Rather, for a compact set, from any open covering of that set we can find a finite subcovering.
I have tried to put that two different ways. I hope that helps.
This is a common misunderstanding by people who are just learning the definition of "compact set" Every set has a finite open cover: the entire set itself is open and covers all subsets. But just having a finite open cover is not enough: not every open cover contains a finite subcover.

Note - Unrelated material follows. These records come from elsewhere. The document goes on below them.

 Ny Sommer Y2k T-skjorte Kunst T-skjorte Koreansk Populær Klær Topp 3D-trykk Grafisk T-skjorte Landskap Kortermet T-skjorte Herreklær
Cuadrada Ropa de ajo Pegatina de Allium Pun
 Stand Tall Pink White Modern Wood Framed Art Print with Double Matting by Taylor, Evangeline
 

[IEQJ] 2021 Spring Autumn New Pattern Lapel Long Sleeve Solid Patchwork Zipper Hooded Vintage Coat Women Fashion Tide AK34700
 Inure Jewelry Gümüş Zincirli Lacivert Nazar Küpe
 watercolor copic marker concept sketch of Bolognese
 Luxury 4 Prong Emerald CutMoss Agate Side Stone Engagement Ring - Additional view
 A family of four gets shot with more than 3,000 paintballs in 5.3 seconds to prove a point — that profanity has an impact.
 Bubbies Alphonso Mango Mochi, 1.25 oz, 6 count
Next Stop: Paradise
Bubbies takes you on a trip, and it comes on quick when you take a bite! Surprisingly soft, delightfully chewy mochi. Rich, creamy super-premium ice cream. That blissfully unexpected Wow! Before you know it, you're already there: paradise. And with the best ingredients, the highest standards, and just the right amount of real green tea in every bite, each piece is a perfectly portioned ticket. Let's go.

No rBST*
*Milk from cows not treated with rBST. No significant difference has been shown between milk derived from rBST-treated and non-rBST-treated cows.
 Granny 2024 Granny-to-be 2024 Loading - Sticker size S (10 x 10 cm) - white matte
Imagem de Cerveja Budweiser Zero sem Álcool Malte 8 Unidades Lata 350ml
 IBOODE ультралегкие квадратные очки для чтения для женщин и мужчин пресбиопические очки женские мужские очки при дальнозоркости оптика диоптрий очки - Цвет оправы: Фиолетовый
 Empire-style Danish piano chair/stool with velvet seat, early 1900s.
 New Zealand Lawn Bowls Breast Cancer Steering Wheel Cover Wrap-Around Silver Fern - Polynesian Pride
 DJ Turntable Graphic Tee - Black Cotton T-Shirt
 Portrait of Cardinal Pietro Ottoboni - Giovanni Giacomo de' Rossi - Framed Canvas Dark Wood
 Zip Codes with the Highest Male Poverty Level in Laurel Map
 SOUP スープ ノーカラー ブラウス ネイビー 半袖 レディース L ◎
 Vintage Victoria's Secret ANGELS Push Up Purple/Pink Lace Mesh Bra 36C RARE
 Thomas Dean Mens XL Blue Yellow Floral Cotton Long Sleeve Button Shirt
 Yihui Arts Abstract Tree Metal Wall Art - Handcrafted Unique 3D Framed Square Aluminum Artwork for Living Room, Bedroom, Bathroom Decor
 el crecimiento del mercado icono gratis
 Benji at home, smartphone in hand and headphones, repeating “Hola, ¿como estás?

For example, let A= (0,1), a subset of the real numbers. That is itself an open set so it "covers" itself. But- let U be the collection of all open intervals, {(0, (m-1)/m)} when m is every positive integer. That is an open cover for A: if x is any number in A, it is larger than 0 and less than 1. But (m-1)/m converges to 1: If $\displaystyle \epsilon$> 0 there exist M so that $\displaystyle (M-1)/M> 1- \epsilon$. If we take $\displaystyle \epsilon= 1-x$, x is contained in that set. But any finite subcollection has a largest m: the largest set in it is (0, (m-1)/m), for that largest m, which does not contain any number larger than (m-1)/m. But (m-1)/m< 1 so there exist numbers in A that are not "covered" by that subcollection. (0, 1) is not compact.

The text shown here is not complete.